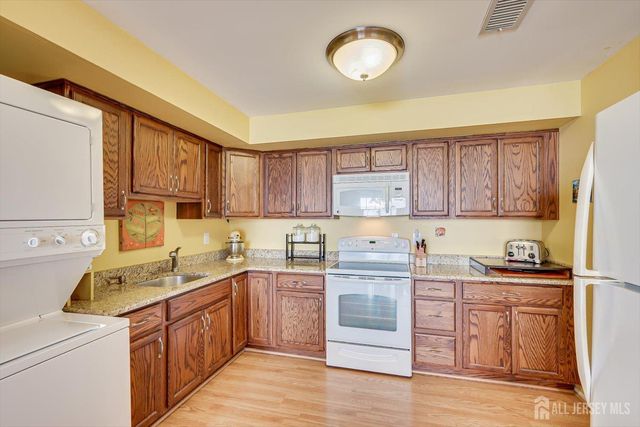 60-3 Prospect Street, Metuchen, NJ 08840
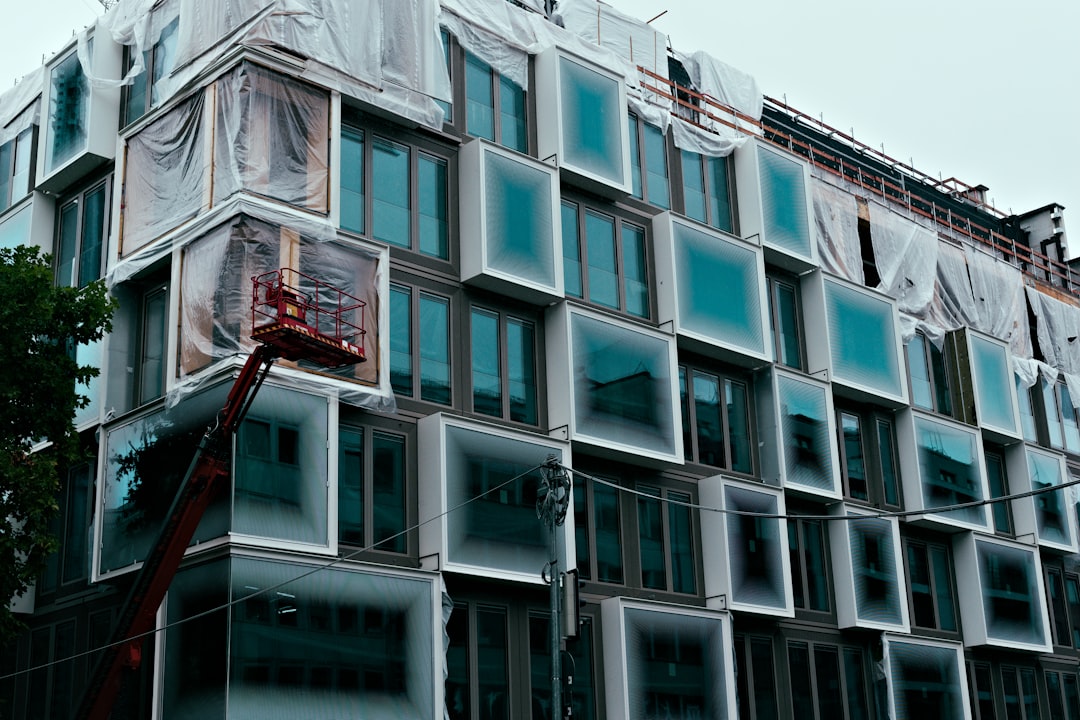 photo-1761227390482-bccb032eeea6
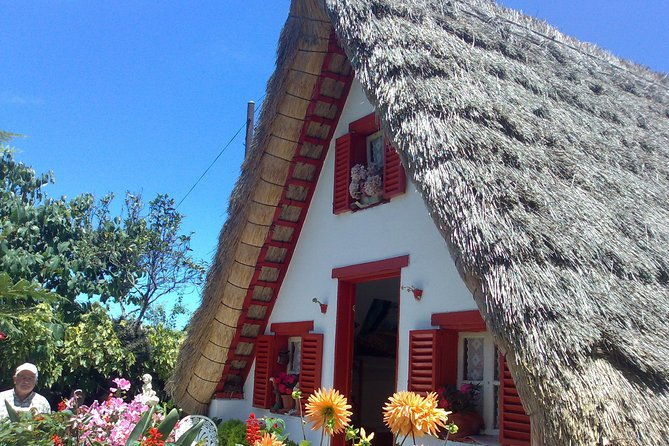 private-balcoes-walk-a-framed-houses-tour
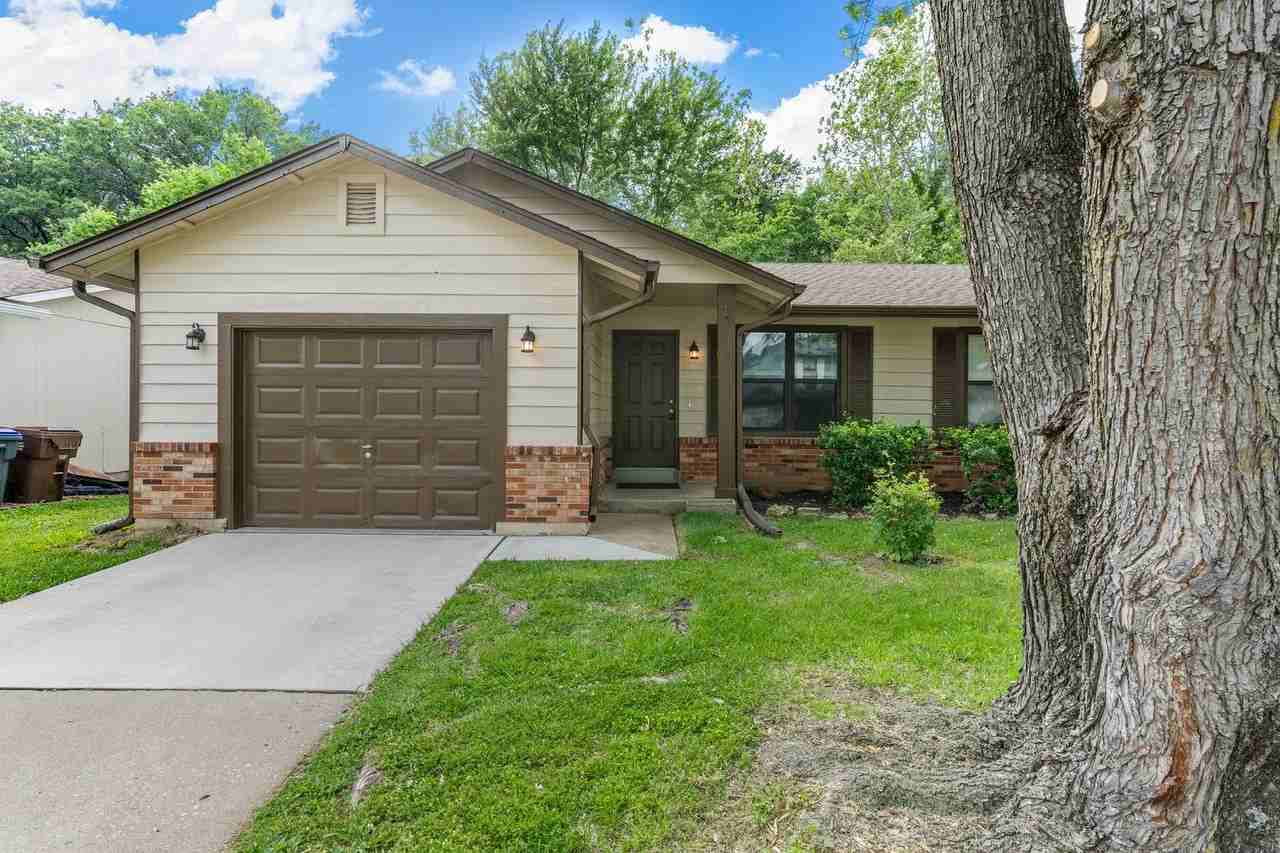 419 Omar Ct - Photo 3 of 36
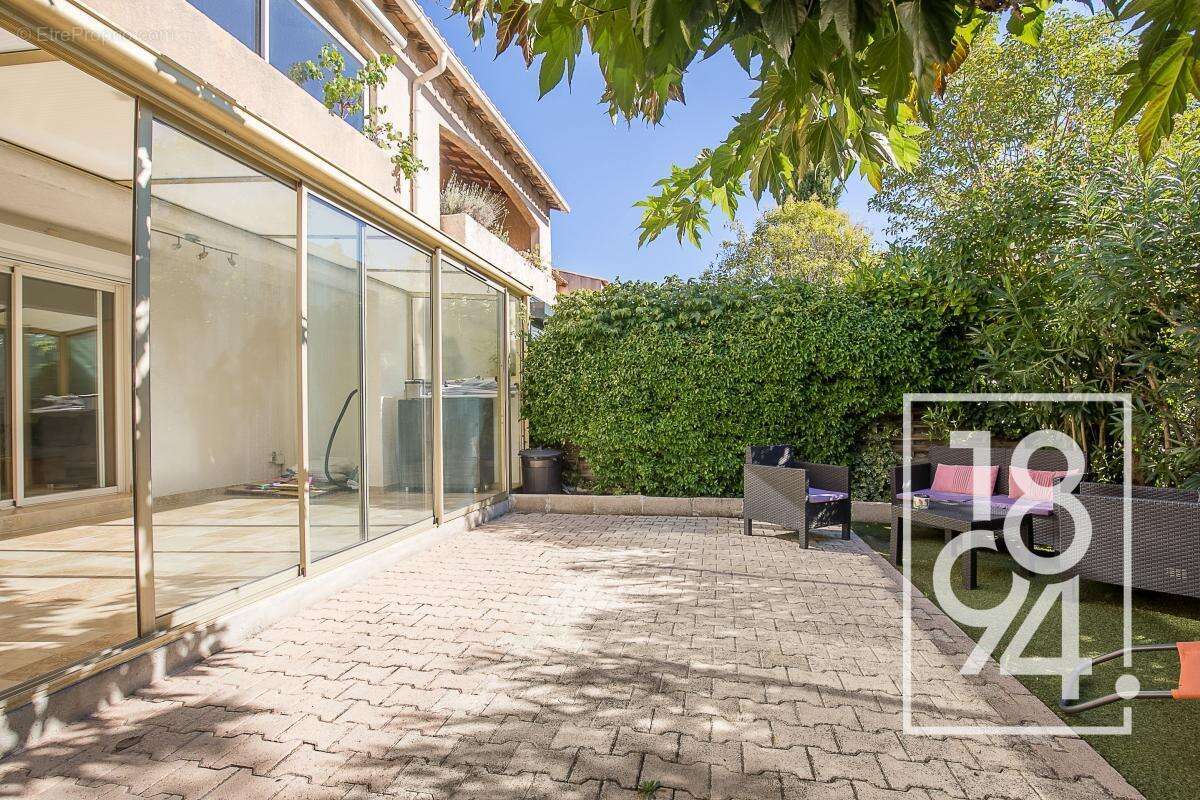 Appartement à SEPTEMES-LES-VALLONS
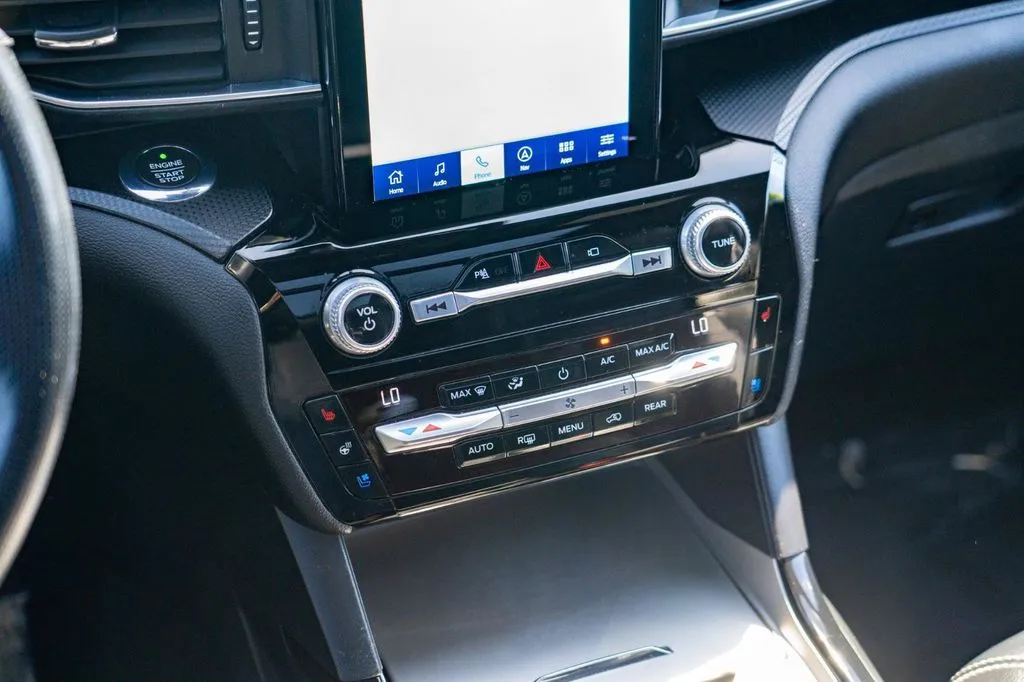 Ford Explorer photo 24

> _INSTRUCTIONS TO FOLLOW_
No pictures go in the copy. Set down all the data exactly.

> _TASK RESPONSE_
 60-3 Prospect Street, Metuchen, NJ 08840
 photo-1761227390482-bccb032eeea6
 private-balcoes-walk-a-framed-houses-tour
 419 Omar Ct - Photo 3 of 36
 Appartement à SEPTEMES-LES-VALLONS
 Ford Explorer photo 24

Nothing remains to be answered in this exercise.